Reeder, Osterreich, and Burner were arrested again on Monday, along with Leroy Stokes Jr., Andre Gonzalez, Richard Whittier, and John Mcatee.
Christian's praying and ministering in Greensboro abortion center this morning
Posted by Carl Ubiñas on Monday, March 30, 2020
The Greensboro Police issued a press release about the arrests on Monday, defending them as necessary for public safety.
“On March 28 at approximately 11:50 am Greensboro Police responded to 2425 Randleman Road in reference to a violation of the Stay at Home Order issued by Guilford County on Friday March, 27. Upon arrival Police encountered five individuals, four of whom refused to leave the location voluntarily.

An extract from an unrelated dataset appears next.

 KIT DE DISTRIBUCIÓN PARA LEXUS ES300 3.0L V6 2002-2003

Pursuant to the terms of the County’s Order the four individuals were charged by citation for Traveling for a Non Essential Function G.S. 14-288.20A,” the release noted.

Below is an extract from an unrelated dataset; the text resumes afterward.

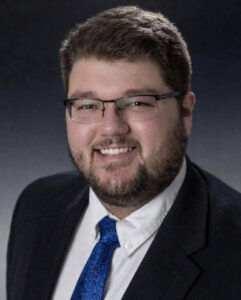Joe Steele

“The individuals arrested are part of a group that was contacted by police prior to their arrival on Saturday. Police were in contact with the group’s leaders earlier in the week and informed the group that their presence at A Women’s Choice of Greensboro on Saturday would be considered non-essential activity under the County’s Stay at Home Order and they would be subject to citation or arrest,” the police added. On Monday, “Greensboro Police Officers made every attempt to gain voluntary compliance before charging seven individuals with violation of the Guilford County Stay at Home Order and Resist Delay and Obstruct a Public Officer.”

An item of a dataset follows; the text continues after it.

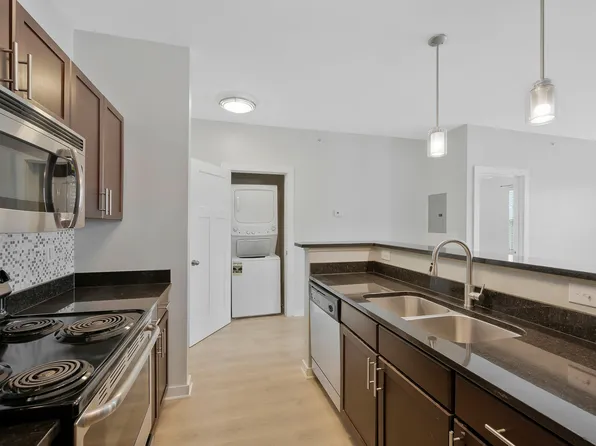 2197 Nolensville Pike, Nashville, TN 37211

“The intent of the Stay at Home Order is to curb the public health crisis in our community,” the press release added.
Yet the police never explained exactly why Love Life’s protest was considered “non-essential activity.”
ADF, which represents Love Life, argued that the pro-life group should be considered essential because the state’s Emergency Proclamation permits operations by “organizations that provide charitable and social services” including “religious and secular nonprofit organizations … when providing … social services, and other necessities of life for economically disadvantaged or otherwise needy individuals,” which should include unborn babies. The Emergency Proclamation also defines as essential “Human Services Operations,” which the order intentionally defines “broadly” to include “businesses that provide … social services, and other necessities of life for economically disadvantaged individuals … or otherwise needy individuals.”
While the Thomas More Society went ahead with the lawsuit, ADF warned the city attorney that “it is imperative that this situation be corrected immediately to avoid unnecessary litigation in federal court.” ADF’s potential litigation would involve the organization Love Life, while the Thomas More Society’s litigation involves four pro-life protesters with Love Life.
The lawsuit seeks a court restraining order against city officials and a preliminary injunction to restrain them from acting against the pro-life Christians, damages and attorney’s fees, along with a declaration that city’s interpretation of the coronavirus orders unconstitutionally violated the rights of the pro-life Christians. The ADF demand letter asks the Greensboro attorney to instruct police officers to stop interfering with Love Life’s constitutional rights. ADF gave Greensboro the opportunity to respond by the end of the business day on Friday.